The price tag notwithstanding, there’s one reason that drivers aren’t lining up to purchase a Tesla Model S, or a Chevrolet Volt, or a ZAP Alias, or a Fisker Karma for that matter. The hurdle is the very thing that puts those cars on the road in the first place: the battery. In a cell phone, lithium ion batteries seem pretty small and nifty. In a car, they’re massive and will only get you so far.
That’s not likely to change soon. GM’s chief technology officer, Jon Lauckner, has said recently that increased and more efficient manufacturing is not likely to reduce the price or increase the capacity of lithium ion batteries. To see a change, we’ll need a sea change.
That’s likely to come in the form of the lithium sulfur battery. This chemistry has long been poised to vanquish the lithium ion battery. With a pure lithium anode rather than graphite, these batteries can store as much as five and half times the energy that a lithium ion battery can hold. And sulfur is cheap and plentiful.

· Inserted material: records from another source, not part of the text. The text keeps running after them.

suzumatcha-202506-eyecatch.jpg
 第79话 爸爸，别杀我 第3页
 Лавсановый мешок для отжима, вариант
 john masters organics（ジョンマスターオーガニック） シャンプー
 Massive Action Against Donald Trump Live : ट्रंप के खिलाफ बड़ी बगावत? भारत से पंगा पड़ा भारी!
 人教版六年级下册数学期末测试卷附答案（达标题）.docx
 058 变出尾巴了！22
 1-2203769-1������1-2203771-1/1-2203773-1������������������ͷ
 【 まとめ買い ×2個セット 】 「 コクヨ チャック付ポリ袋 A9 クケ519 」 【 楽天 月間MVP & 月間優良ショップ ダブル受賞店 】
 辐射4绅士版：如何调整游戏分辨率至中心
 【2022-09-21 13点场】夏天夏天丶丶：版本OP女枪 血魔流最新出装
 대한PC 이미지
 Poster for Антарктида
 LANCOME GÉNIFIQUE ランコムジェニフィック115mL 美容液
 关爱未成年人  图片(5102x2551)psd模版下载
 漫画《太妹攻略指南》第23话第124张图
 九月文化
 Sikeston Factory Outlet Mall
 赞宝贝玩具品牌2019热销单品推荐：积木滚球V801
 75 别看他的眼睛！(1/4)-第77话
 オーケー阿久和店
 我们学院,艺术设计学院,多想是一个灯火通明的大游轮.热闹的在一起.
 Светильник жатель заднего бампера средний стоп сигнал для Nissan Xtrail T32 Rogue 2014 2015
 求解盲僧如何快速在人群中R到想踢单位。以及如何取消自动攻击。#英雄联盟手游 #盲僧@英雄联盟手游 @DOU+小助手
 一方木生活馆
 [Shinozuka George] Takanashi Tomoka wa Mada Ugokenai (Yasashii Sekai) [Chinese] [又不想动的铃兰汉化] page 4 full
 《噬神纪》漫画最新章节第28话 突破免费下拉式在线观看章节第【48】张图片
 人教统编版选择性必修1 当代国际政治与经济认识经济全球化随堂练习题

The small downside is that the battery dies after 50 or so cycles.
Short Life Span
For some time now researchers have thought they understood why lithium sulfur batteries had such short life spans. During use, crystalline sulfur particles would form higher order polysulfides. As these sulfides are all soluble, they would dissolve into the electrolyte, and go anywhere the electrolyte can go—including the anode side of the battery where they would interact directly with he lithium metal.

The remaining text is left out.